> **INPUT DATA**:
- - -
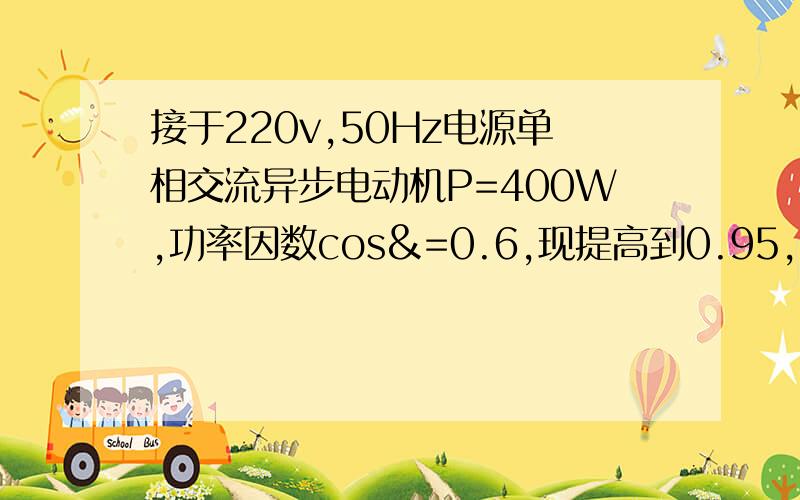 接于220v,50Hz电源单相交流异步电动机P=400W,功率因数cos&=0.6,现提高到0.95,求要并联多大电容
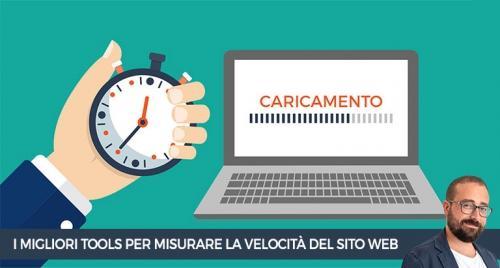 I migliori tools per misurare la velocit&agrave; del sito web
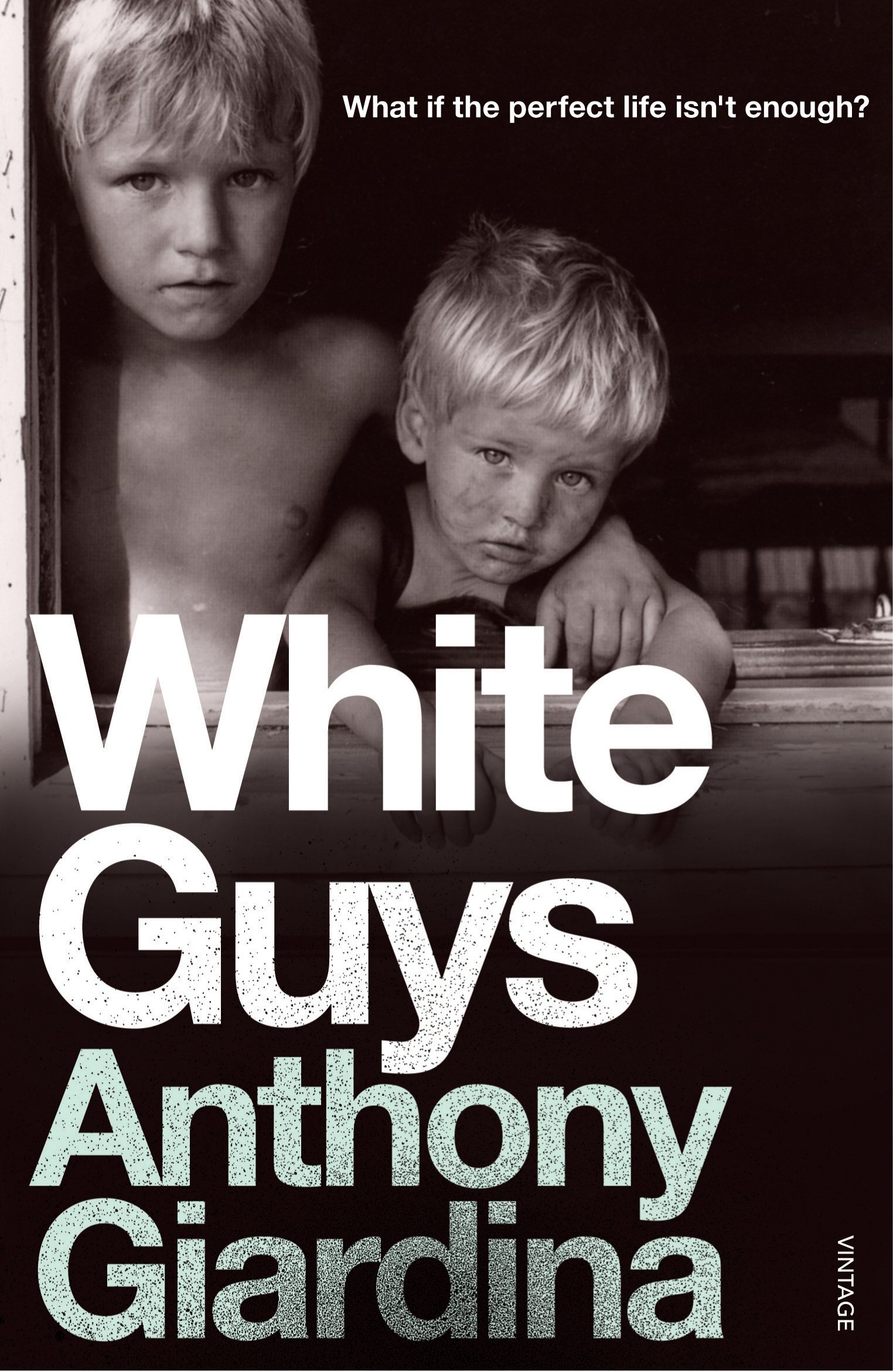 White Guys - Anthony Giardina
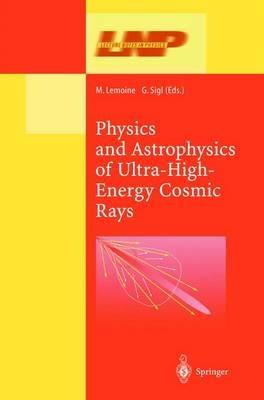 Physics and Astrophysics of Ultra High Energy Cosmic Rays - cover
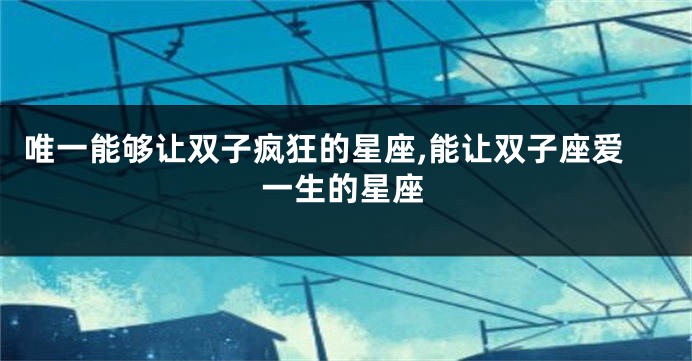 唯一能够让双子疯狂的星座,能让双子座爱一生的星座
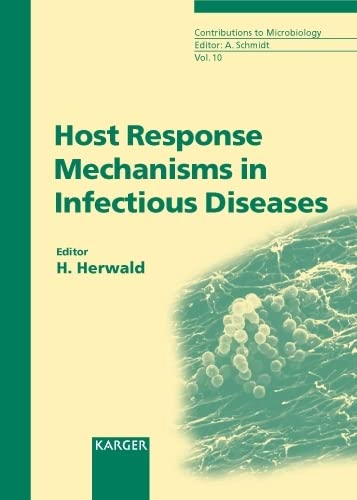 Stock image for Host Response Mechanisms in Infectious Diseases: 'Contributions to Microbiology', Vol. 10. for sale by medimops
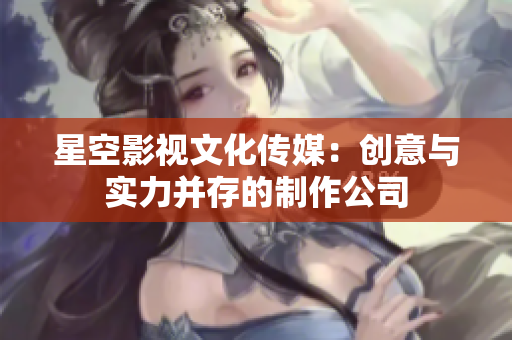 星空影視文化傳媒：創(chuàng)意與實力并存的制作公司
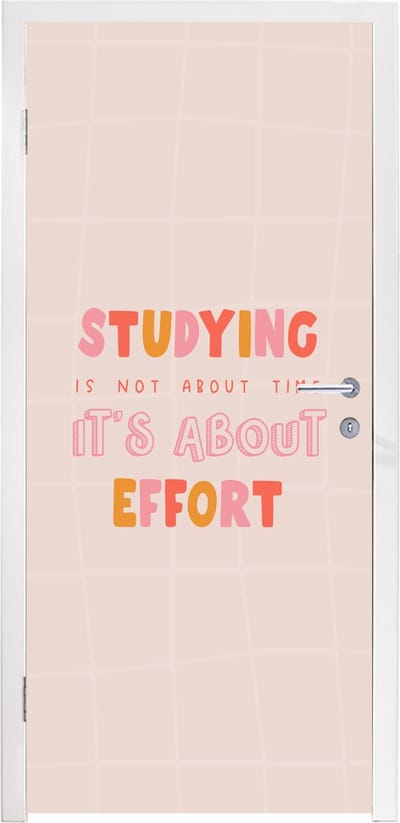 Deursticker Studeren - Tijd - Onderwijs - Quotes - 95x235 cm - Deurposter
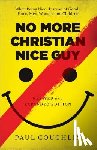 Coughlin, Paul - No More Christian Nice Guy – When Being Nice––Instead of Good––Hurts Men, Women, and Children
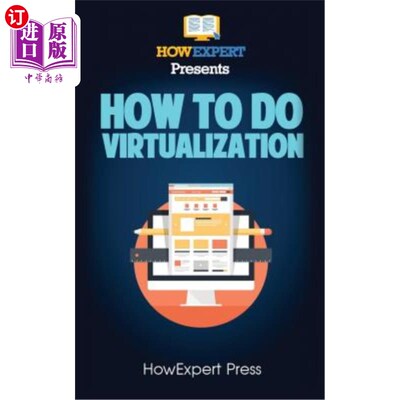 海外直订How to Do Virtualization: Your Step-By-Step Guide to Virtualization 如何进行虚拟化：您的虚拟化逐步指南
- - -
> **TASK BRIEF**: Return the records verbatim, minus pictures.

> **EXPECTED OUTPUT**:
 接于220v,50Hz电源单相交流异步电动机P=400W,功率因数cos&=0.6,现提高到0.95,求要并联多大电容
 I migliori tools per misurare la velocit&agrave; del sito web
 White Guys - Anthony Giardina
 Physics and Astrophysics of Ultra High Energy Cosmic Rays - cover
 唯一能够让双子疯狂的星座,能让双子座爱一生的星座
 Stock image for Host Response Mechanisms in Infectious Diseases: 'Contributions to Microbiology', Vol. 10. for sale by medimops
 星空影視文化傳媒：創(chuàng)意與實力并存的制作公司
 Deursticker Studeren - Tijd - Onderwijs - Quotes - 95x235 cm - Deurposter
 Coughlin, Paul - No More Christian Nice Guy – When Being Nice––Instead of Good––Hurts Men, Women, and Children
 海外直订How to Do Virtualization: Your Step-By-Step Guide to Virtualization 如何进行虚拟化：您的虚拟化逐步指南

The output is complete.